Hi everyone! I’m currently making a Football Agent simulation game.

My problem is how do I represent enormous data that the game world has so I can read from it when I load the game and write it out when I’m saving the game.

Naturally (is it natural?), I’ve decided to represent data with JSON. So, my objects, simplified are represented like this:

{
  "leagues": {
    "league1": {
      "name": "Liga prima",
      "clubs": {
        "club1": {
          "name": "club 1",
          "players": {
            "player1": {
              "name": "Mark",
              "overall": 10
            }
          }
        }
      }
    }
  }
}

This seemed nice to me but when I realised I’ll need to provide a reference to a player of what club he plays in, or provide a reference to an agent what players he currently has and vice versa, I’ve realised this design isn’t the best.

My next conclusion was that is probably better that I make a giant list of all players, do that in JSON too, and add a unique ID to every player. Then I do the same for clubs, nations, coaches, agents and every other object I have in the game. Inside these objects instead of references I slip the IDs of the objects when representing my data in JSON and then when I want to load the data I match every ID with their owner and supply the ID’s. This somehow works like tables inside a database and it seems natural.

Is this the right way? What could I do better/differently? It also seems slow, so I was wondering what were the best practices with these type of problems.

:bust_in_silhouette: Reply From: rolfpancake

The possibilities explained here are quite comprehensive. For your specific case I would go for a real database connection. I’m not sure if the SQLite module still works for Godot 3 but you should give it a try.

If that does not work and you are not able to implement some database driver logic your best bet is to create your own db system.
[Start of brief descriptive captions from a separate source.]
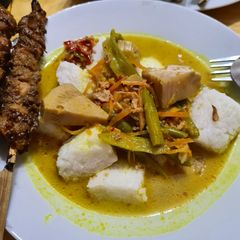 A picture of Indonesian Vegetables Coconut Stews.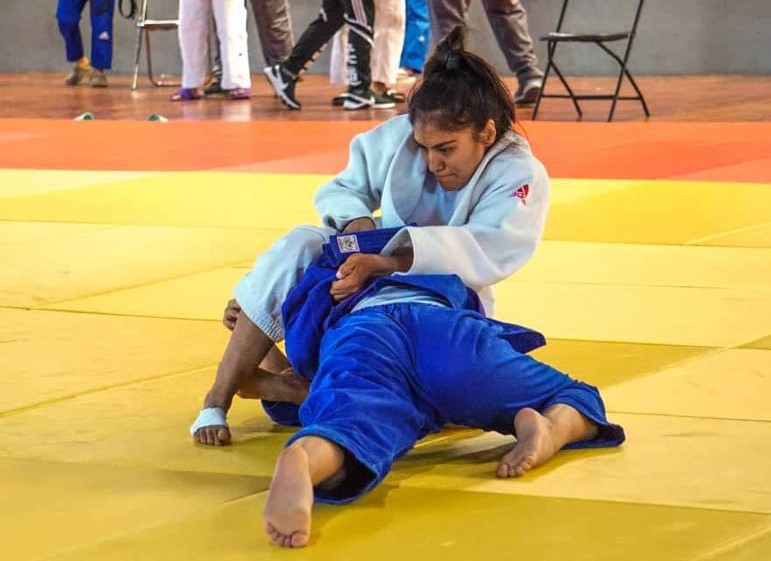 Isabel Huitrón, judoca mexicana durante competencia. CONADE
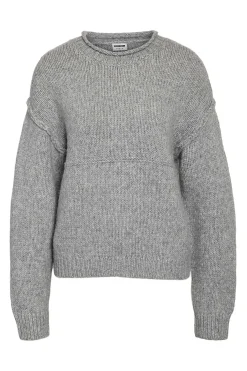 Jersey punto detalles costuras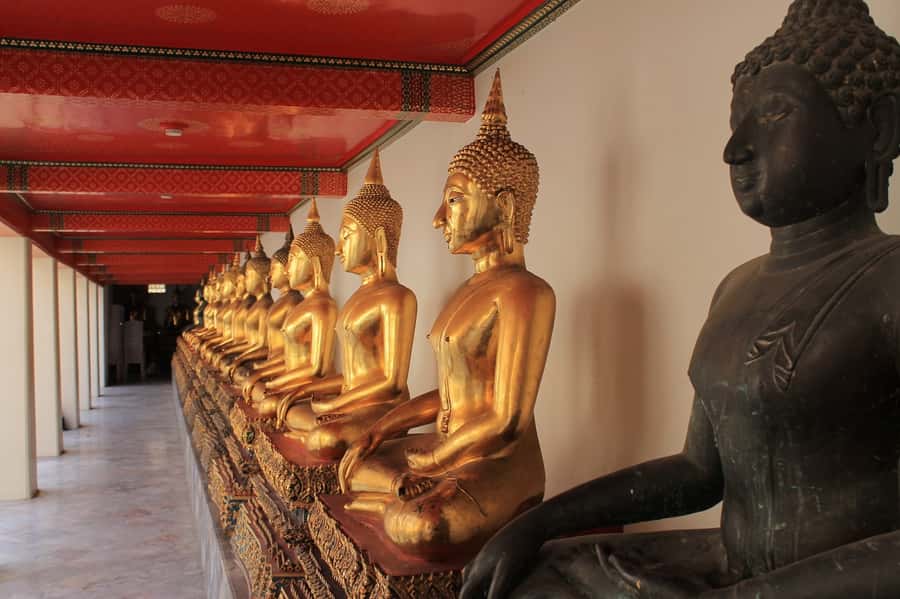 Shared Tour: Wat Pho, Wat Traimit and Wat Benchamabophit - Guides, transport, and the shared-tour setup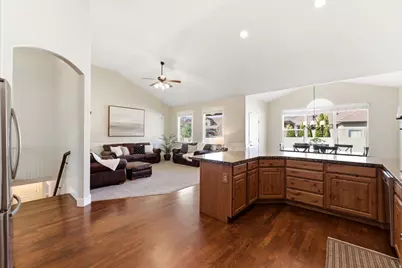 10329 N Bristlecone Way, Cedar Hills, UT 84062 - Photo 23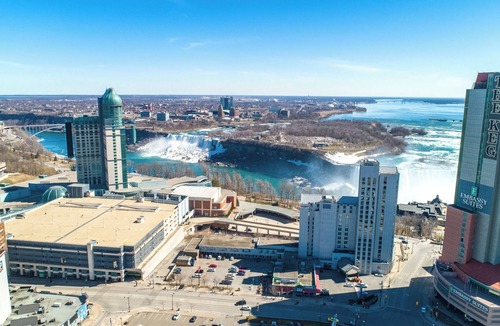 Fallsview Apartment | PRIME location, 2 FREE parking, 5 Min WALK FROM FALLS, free wine & wifi, 8guest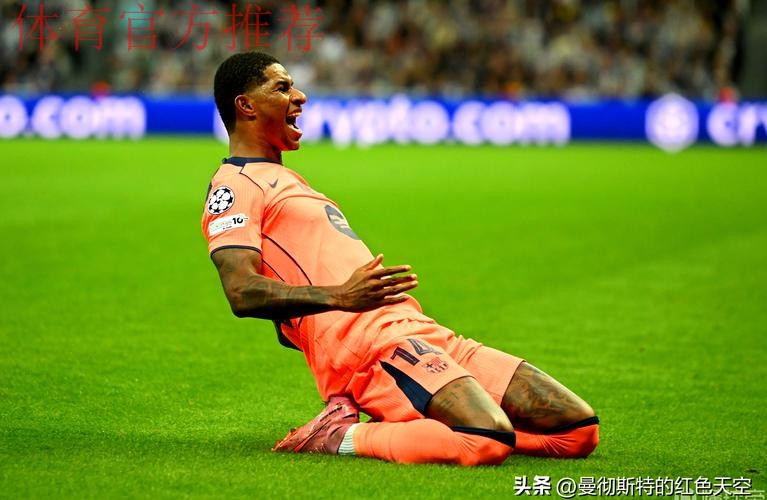 6球8助！巴萨争议边锋复活：2脚传中2次助攻 3500万可买断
I’m not sure if this would be feasible but you could learn a lot on the way.

My best bet would be:

  • Create multiple files for each entity in the game (leagues, clubs, players) - you can go with json because it is easy to handle and has some advantages over plain text or binary data
  • Modell classes to implement the logic behind each entity (e.g. an instance of a club has member variables like name, coach and country and functions like add_player(player), move_player_to(club), win_match(), get_active_players() etc. // a player instance has a name, current_club and other information and can do the things a real player can do)
  • At the start of your game open every file and instantiate each element of your enitities and keep a reference in a list so you can work with them by their name or something like that
  • If a match starts gather the needed information of the playing clubs with functions like get_active_players() and then create nodes based on their data to represent them with images or something you want

Thank you for taking the time to respond.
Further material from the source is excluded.